Beller M, Gousios G, Zaidman A. (2017) TravisTorrent: Synthesizing Travis CI and GitHub for Full-Stack Research on Continuous Integration

@inproceedings{msr17challenge,
 title={TravisTorrent: Synthesizing Travis CI and GitHub for Full-Stack Research on Continuous Integration},
 author={Beller, Moritz and Gousios, Georgios and Zaidman, Andy},
 booktitle={Proceedings of the 14th working conference on mining software repositories},
 preprint={http://www.st.ewi.tudelft.nl/~mbeller/publications/2017_beller_gousios_zaidman_travistorrent_synthesizing_travis_ci_and_github_for_full-stack_research_on_continuous_integration.pdf},
 year={2017}
}

In [None]:
# Only needed when NOT using mybinder

install.packages('data.table')

## Needed for gzip
install.packages('R.utils') 

In [None]:
## Needed for (first) direct file download. Afterwards, the three following lines can be commented out.
library('R.utils')
download.file("https://travistorrent.testroots.org/dumps/travistorrent_8_2_2017.csv.gz", "travistorrent_8_2_2017.csv.gz")
gunzip("travistorrent_8_2_2017.csv.gz", remove=FALSE, overwrite=TRUE)

library('data.table')
tt <- fread("travistorrent_8_2_2017.csv")

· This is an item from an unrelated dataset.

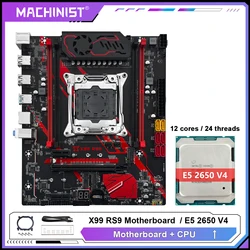 MACHINIST X99 RS9 Motherboard optional Xeon E5 2650 V4 CPU LGA 2011-3 Kit And 16GB ECC DDR4 RAM Set NVME/SATA M.2 USB 3.0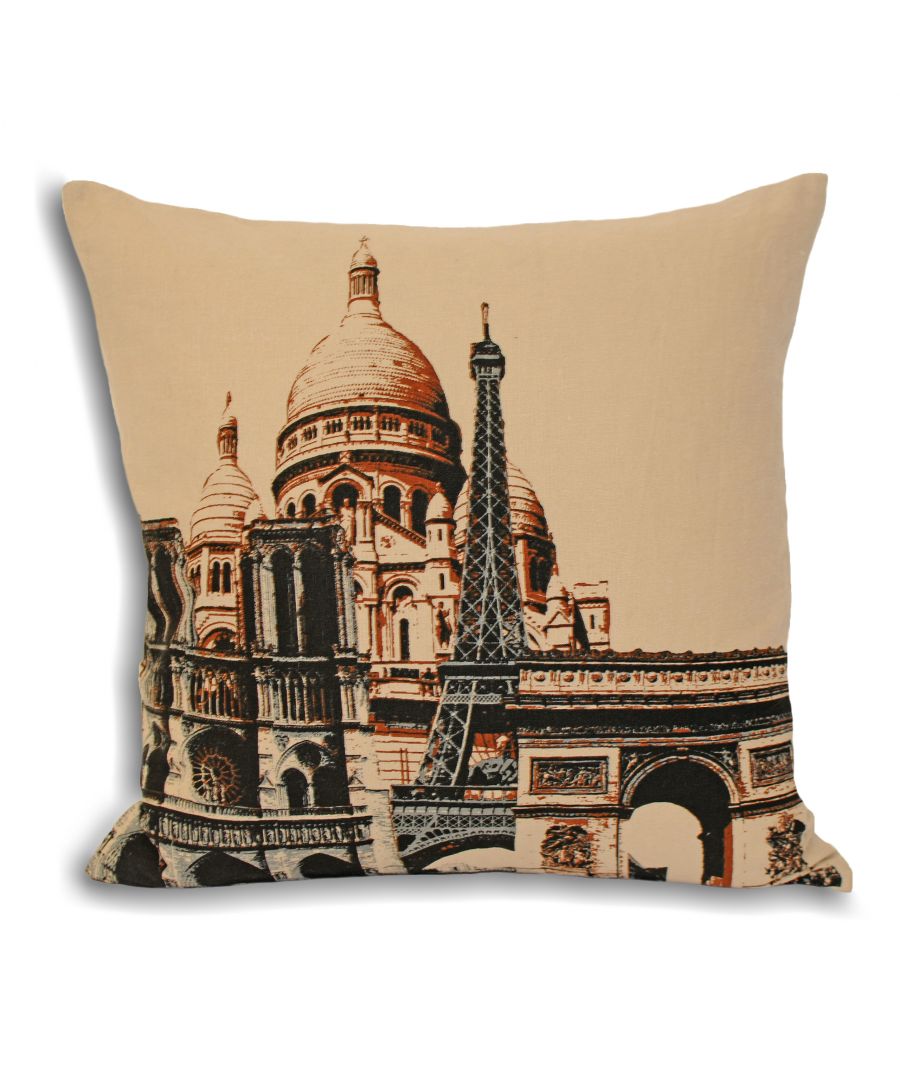 Paris City Polyester Filled Cushion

We select the interesting columns and remove duplicate build_ids as they are duplicates for sub_jobs. In addition, we remove all entries that do not have a duration.


In [None]:
tt <- tt[tt$tr_duration != "NA"]
tt <- tt[, c("tr_build_id","git_branch","gh_project_name","gh_build_started_at","tr_duration")]
tt <- tt[!duplicated(tt$tr_build_id),]

In [None]:
# Assign start and duration to variables
tt_start <- tt$gh_build_started_at
tt_duration<- tt$tr_duration

# Extract epoch formats for start and end by adding duration to start
tt_start_epoch <- as.POSIXct(tt_start ,format="%Y-%m-%d %H:%M")
tt_end_epoch <- tt_start_epoch + tt_duration
#tt_end_epoch <- as.POSIXct(as.POSIXlt(tt_end_epoch), format="%Y-%m-%d %H:%M")
tt_end_epoch <- strptime(tt_end_epoch, "%Y-%m-%d %H:%M")

# Find min and max time
time_min <- min(tt_start_epoch)
time_max <- max(tt_end_epoch)

Luckily found a good example on how to aggregate: https://stackoverflow.com/a/20426276/1779346

In [None]:
options(digits.secs=0)
queries.start <- data.frame(Time=tt_start_epoch, Value=1)
queries.end <- data.frame(Time=tt_end_epoch, Value=-1)

queries.both <- rbind(queries.start, queries.end)
queries.both <- queries.both[with(queries.both, order(Time)), ]

queries.sum <- data.frame(Time=queries.both$Time, Queries=cumsum(queries.both$Value))

In [None]:
plot(queries.sum, type="l", ylab="Concurrent builds")

In [None]:
saveRDS(queries.sum, file="dataset.Rda")

# can be loaded using 
# queries.sum <- readRDS(file="dataset.Rda")